Difficult to Categorize | 2 | Is it ADULT?

The fact is that Famepunk Part 2: Middlemarch concerns the birth and progress of a passionate, comical, highly combustible love affair between two teenage girls who also happen to be competing as champions on the international tennis circuit in 1988--and it contains a great deal of lesbian sexual content. It just does. In the Famepunk series, this is the book about young dumb love, the modern take on Romeo & Juliet & Heathcliff & Cathy; like Twilight. Except—importantly! importantly!—with actual sex scenes and lesbians. Lots of and quite long scenes, too, this book is 800 pages long.

RIP Roger Ebert 1942-2013
I don’t mean to exaggerate. Middlemarch is not a porno. It has erotic moments (many) but it’s not erotic like Judith Krantz’s Scruples, for instance, or The Story of O or Anne Rice’s Beauty novels. All of which, yes, while admiring them I would vote YES to save aside in the adults’ reading room at the public library as in the North American home. But Famepunk? Tons of sex, sure, but all plot-driven, not the plot itself. There are many other things that happen, many other characters. Ronald Reagan appears in a phone call, for goodness sake—there’s a potluck buffet in a Panhandle church basement. You ask me, is Famepunk Part 2: Middlemarch for adults? I answer: Certainly—all adults! All adult readers are welcome.

But is it ADULT?

I spend some days slightly flummoxed by this question. I’ve returned to Smashwords and as directed in the FAQ, I’ve clicked the homepage adult content filter ON to OFF. I see what they’re getting at right away when “Criss Cross Romance Short Story” gets replaced by “Fuck the Foreplay” at the top of the Gay & Lesbian Most Downloaded list; there are many additional lesbian ADULT titles to browse. I've now read two, one set in Japan and the other written by an extremely prolific young man from Oklahoma (male authors have always written a lot of the lesbian fiction that sees the light of day).
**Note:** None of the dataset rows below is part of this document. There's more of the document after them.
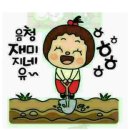 빤쥬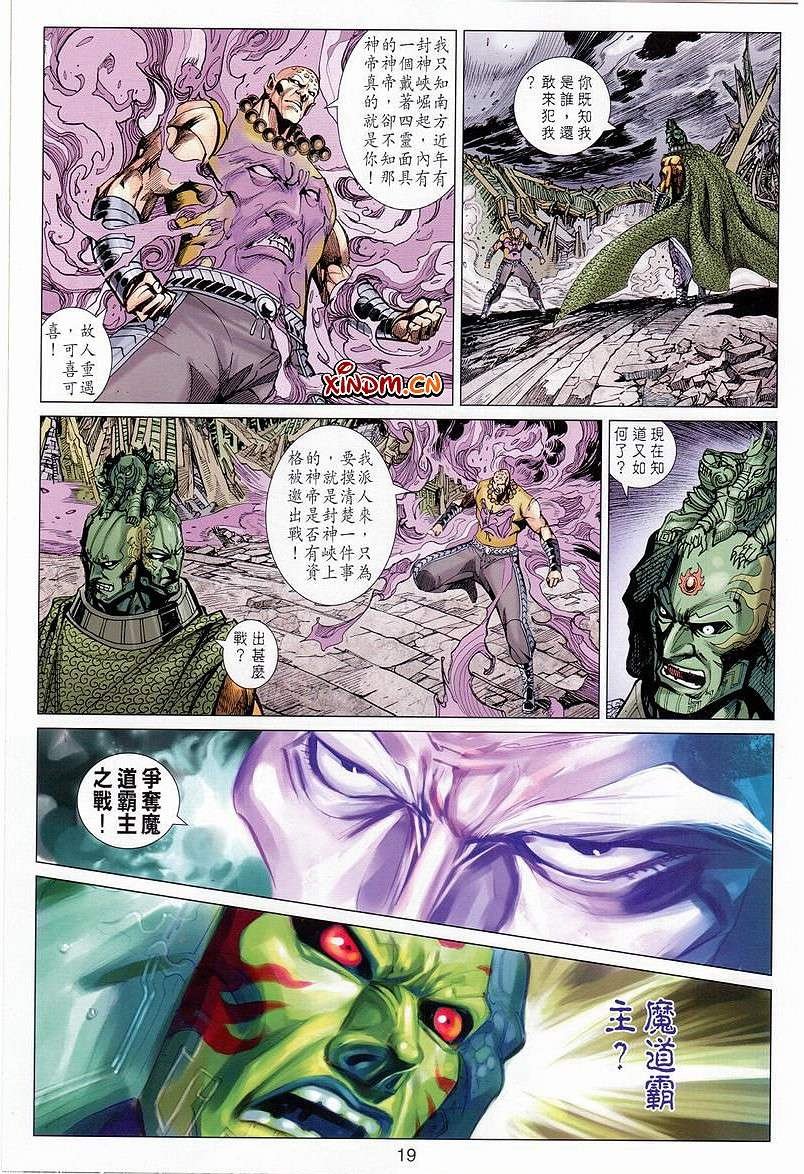 第147话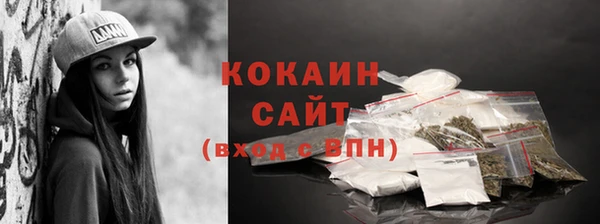 бутик Пересвет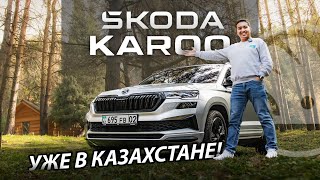 ОБЗОР НА SKODA KAROQ ДЛЯ КАЗАХСТАНСКОГО РЫНКА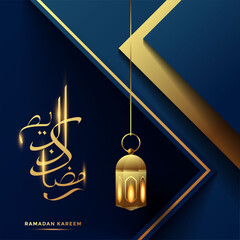 ramadan kareem greeting card background vector illustration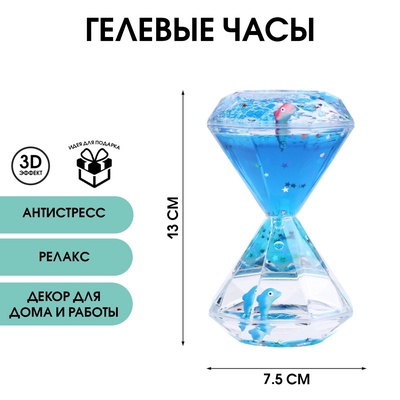 УЦЕНКА Гелевые часы «Пинтано», антистресс, 13×7.5 см, МИКС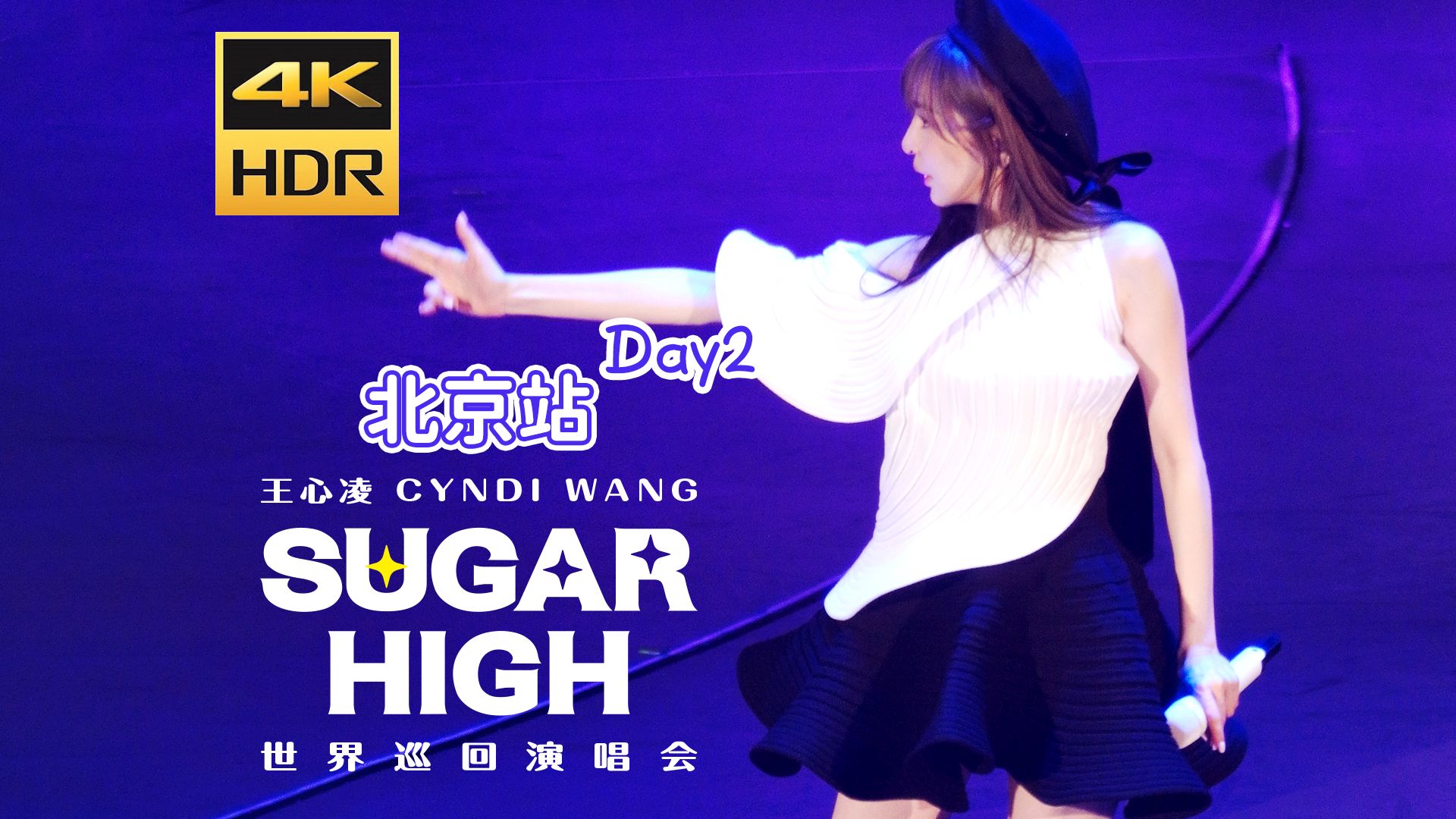 [图][4kHDR/Hires]王心凌SugarHigh巡演_0407北京快递站_1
Clicking the ADULT box while publishing a book in the Lesbian Erotica category, as the hard-working author of Daisuki did, I can understand—if I believed Middlemarch belonged there, I'd do it, too. But what the hell motivation lies behind clicking the ADULT box for a book with hardly any sex? I’m mystified—although I assume there’s some concerted effort going into the pursuit of horny reader dollars, the ADULT tag here advertising the presence of sex to an audience that favors, for whatever reason, softcore material. Finally it hits me. This is the ADULT from the cable TV warning: The following program contains adult subject matter. Viewer discretion is advised. This is that category, out in the world now, inside writers’ heads, as a question: Would that warning be required up-front if their novel were a TV movie?

First: for Famepunk, yes, naturally. But: I do not accept that category. I think it’s bogus. I decry the strain of self-censorship it fosters, the infiltration of private imagination by market forces that it both invites and represents. I believe all art works, including those created for children, should aspire to excite interest and pleasure among the most sophisticated and discerning "grown-up" adults available. Only books that have no hope of doing so should come with warnings, in my opinion.